THE GREATEST THING MY MOM HAS DONE FOR ME

Every year on Mother’s Day, I would always think of the amazing things my mom did for me. Despite my anger towards her, I would still come up with the words like, ‘she gave me life,’ ‘she took care of me,’ ‘she cooked the best adobo,’ and many more. But this year, it’s different. If you are going to ask me what is the greatest thing my mom has done for me?’ I could only come up with one.

“SHE ABANDONED ME.”

Seventeen years ago, my mom left. She was gone for almost a year. Nobody knew where she was nor any idea if she was dead or alive. No one knows. Even her husband and only child were clueless where she could have gone.

Then one day, she sent a text message. She said, she got a job in the next province and could not come back due to unpaid debt. So her forgiving husband, who was in Saudi Arabia that time sent money to help her out. She came back to pick up the money from her naive daughter. She promised her daughter that she would bring her along with her the next day when she goes back to pay her debt. The unsuspecting daughter was relieved and slept early that night. She was so excited about the most awaited trip. Little did she know, her mother would betray her. The mother left while her daughter was still asleep.

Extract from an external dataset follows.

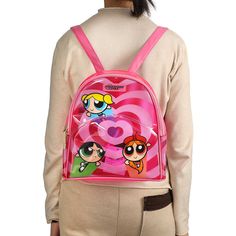 The Powerpuff Girls Mini Backpack showcases a charming pink design, adorned with beloved characters and a playful heart pattern. Made for the most dedicated fans of the show, this backpack is both stylish and functional, perfect for carrying essentials on the go. Size: 11 x 10.5 x 5 Inches Material: Clear PVC Care: Wipe clean with a damp cloth Pink Kawaii Backpack With Cute Design, Kawaii Pink Backpack With Cute Design, Playful Pink Backpack With Zipper Closure, Pink Cartoon Backpack For School, Pink Playful Backpack With Cute Design, Pink Student Backpack With Cute Design, Playful Pink Backpack With Cute Design, Student Backpack With Cute Design In Pink, Fun Pink Backpack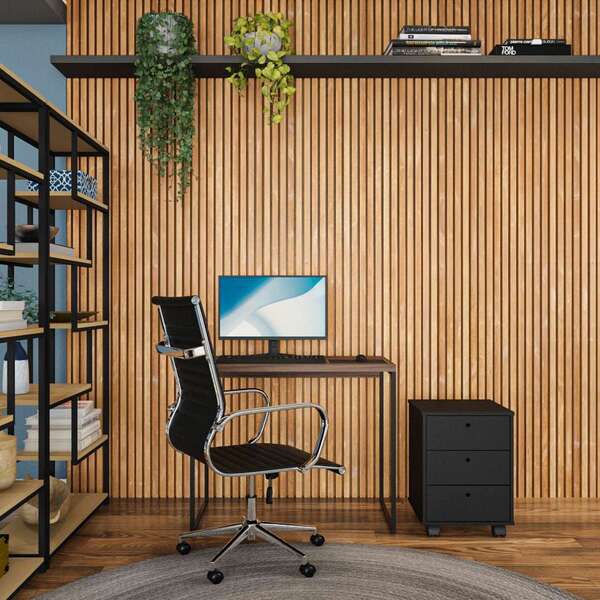 Mesa De Escritório Spencer Nogal 90 Cm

It’s been 16 years since then, and she never came back.

That time she abandoned me completely.

That was when a realization struck me. It was like a lightning bolt. It was so fast that I could not dodge it.

My mom abandoned me.
My father was in Saudi Arabia.
I was 14.
I didn’t know how to fend for myself.
I was alone.
I hated her.

For 16 years, all I had was anger and hatred towards her. I could not believe that my mother would betray me. I still haven’t forgotten the pain I had felt back then. It was like my heart was torn into pieces. The dreams that we built together as a family before my father left for Saudi were shattered in front of me, and all I can do was watch. I couldn’t move. I did not have any idea how to move forward. Nobody taught me how.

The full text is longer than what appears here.